Moylan became suddenly impassioned. He had seen a dozen sporadic strikes in this district, and many a dozen young strikers, homeless, desolate, embittered, turning their disappointment on him. "We might support you with our funds, you say--we might go on doing it, even while the company ran the mine with scabs. But where would that land us, Rafferty? I seen many a union on the rocks--and I ain't so old either! If we had a bank, we'd support all the miners of the country, they'd never need to work again till they got their rights. But this money we spend is the money that other miners are earnin'--right now, down in the pits, Rafferty, the same as you and your old man. They give us this money, and they say, 'Use it to build up the union.

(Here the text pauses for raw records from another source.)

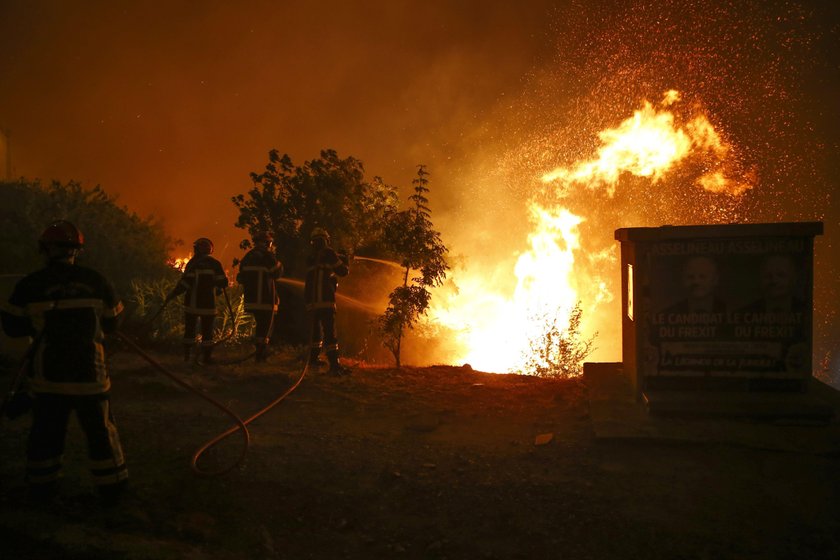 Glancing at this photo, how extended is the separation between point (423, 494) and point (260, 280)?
5.68m

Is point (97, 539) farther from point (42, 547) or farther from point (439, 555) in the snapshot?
point (439, 555)

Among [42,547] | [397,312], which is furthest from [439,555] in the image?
[397,312]

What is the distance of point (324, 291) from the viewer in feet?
33.4

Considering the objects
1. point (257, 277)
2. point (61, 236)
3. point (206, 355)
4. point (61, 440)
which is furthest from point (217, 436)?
point (257, 277)

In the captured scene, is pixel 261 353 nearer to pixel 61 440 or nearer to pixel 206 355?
pixel 206 355

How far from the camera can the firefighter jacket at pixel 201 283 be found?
9898mm

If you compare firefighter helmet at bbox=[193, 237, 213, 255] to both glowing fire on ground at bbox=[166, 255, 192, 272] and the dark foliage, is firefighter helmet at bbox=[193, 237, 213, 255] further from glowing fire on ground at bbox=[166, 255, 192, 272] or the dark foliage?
glowing fire on ground at bbox=[166, 255, 192, 272]

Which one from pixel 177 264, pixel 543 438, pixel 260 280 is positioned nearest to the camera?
pixel 543 438

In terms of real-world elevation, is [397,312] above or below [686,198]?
below

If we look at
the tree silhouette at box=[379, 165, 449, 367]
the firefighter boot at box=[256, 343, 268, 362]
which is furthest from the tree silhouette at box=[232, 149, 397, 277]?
the firefighter boot at box=[256, 343, 268, 362]

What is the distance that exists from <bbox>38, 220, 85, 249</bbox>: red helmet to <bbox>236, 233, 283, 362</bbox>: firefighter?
213 inches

Use it to help the men that aren't organised--take them in, so they won't beat down our wages and scab on us. But don't waste it, for God's sake; we have to work hard to make it, and if we don't see results, you'll get no more out of us.' Don't you see how that is, man? And how it weighs on us, worse even then the fear that maybe we'll lose our poor salaries--though you might refuse to believe anything so good of us? You don't need to talk to me like I was Peter Harrigan's son. I was a spragger when I was ten years old, and I ain't been out of the pits so long that I've forgot the feeling. I assure you, the thing that keeps me awake at night ain't the fear of not gettin' a living, for I give myself a bit of education, working nights, and I know I could always turn out and earn what I need; but it's wondering whether I'm spending the miners' money the best way, whether maybe I mightn't save them a little misery if I hadn't 'a' done this or had 'a' done that. When I come down on that sleeper last night, here's what I was thinking, Tim Rafferty--all the time I listened to the train bumping--'Now I got to see some more of the suffering, I got to let some good men turn against us, because they can't see why we should get salaries while they get the sack. How am I going to show them that I'm working for them--working as hard as I know how--and that I'm not to blame for their trouble?'"

Here Wauchope broke in. "There's no use talking any more. I see we're up against it. We'll not trouble you, Moylan."

"You trouble me," cried Moylan, "unless you stand by the movement!"

The other laughed bitterly. "You'll never know what I do. It's the road for me--and you know it!"

"Well, wherever you go, it'll be the same; either you'll be fighting for the union, or you'll be a weight that we have to carry."

The young leader turned from one to another of the committee, pleading with them not to be embittered by this failure, but to turn it to their profit, going on with the work of building up the solidarity of the miners. Every man had to make his sacrifices, to pay his part of the price. The thing of importance was that every man who was discharged should be a spark of unionism, carrying the flame of revolt to a new part of the country. Let each one do his part, and there would soon be no place to which the masters could send for "scabs."